Today in 1704, the first continuously-published newspaper in the United States, the Boston News-Letter, was published for the first time. David Sloan tells us about an incident that was not published in the Boston News-Letter and tries to answer why it was not seen as news that’s fit to print:
“As Governor Joseph Dudley rode in his carriage on a narrow road on the outskirts of Boston, he encountered a cart laden with wood and driven by two young farmers. Dudley’s son waved them to the side and ordered them to let the carriage pass. The farmers were as good men as the governor, they yelled back, and refused to move aside. Incensed, Governor Dudley jumped from the carriage, drew his sword, and lunged at the farmers. He was not an accomplished swordsman, and one of them easily disarmed him, snatched the sword, and broke it in half. Dudley screamed insults, grabbed a whip, and lashed at one of the farmers. Still in a tirade, he had them both arrested, charged them with treason, and threatened to send them to England for trial. Eventually, a sympathetic judge released them on bond, and the Massachusetts court refused to prosecute them.
The episode became the talk of Boston, especially after a pamphlet provided a detailed account. It added one more reason for most of the local residents to despise Dudley. If any of them wished to find any details of the encounter in Boston’s lone newspaper, however, they were disappointed. The News-Letter, published by the postmaster John Campbell, printed not a single word. Indeed, in its silence on this and other unfavorable affairs involving Dudley may be found the central feature of Campbell and the News-Letter — a silence made notable because the News-Letter holds the distinction of having been America’s first continuously published newspaper. ….
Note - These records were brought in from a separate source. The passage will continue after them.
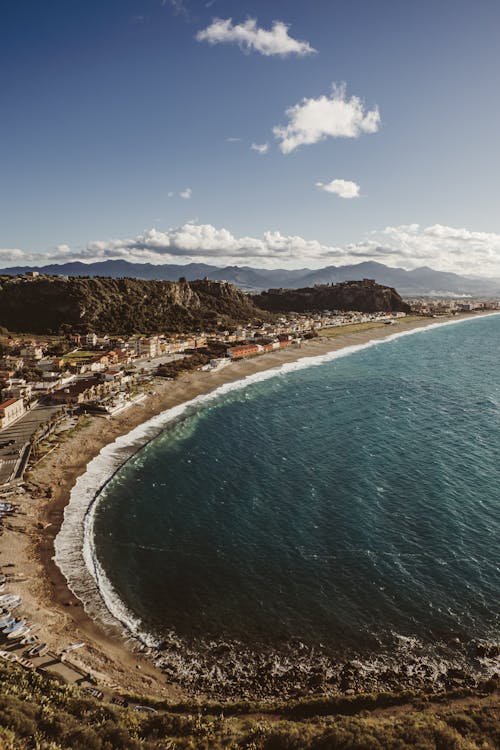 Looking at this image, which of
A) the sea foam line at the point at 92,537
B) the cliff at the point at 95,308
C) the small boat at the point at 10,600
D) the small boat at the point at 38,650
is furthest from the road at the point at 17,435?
the cliff at the point at 95,308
John Campbell…. began the paper, the Boston News-Letter, without any conception of its being a true newspaper or of exercising any publishing independence. Publishing a quasi-official report in the form of a newspaper was, he believed, one of the responsibilities required by his position as postmaster. He thus looked on himself not as an energetic editor but as an official conduit of information and on the newspaper as a formal, chronological record of news items. Tied so plainly to the unpopular Dudley administration, he never gained the confidence of the populace, and he found that his life as a publisher was an ongoing, tiresome struggle for mere existence.”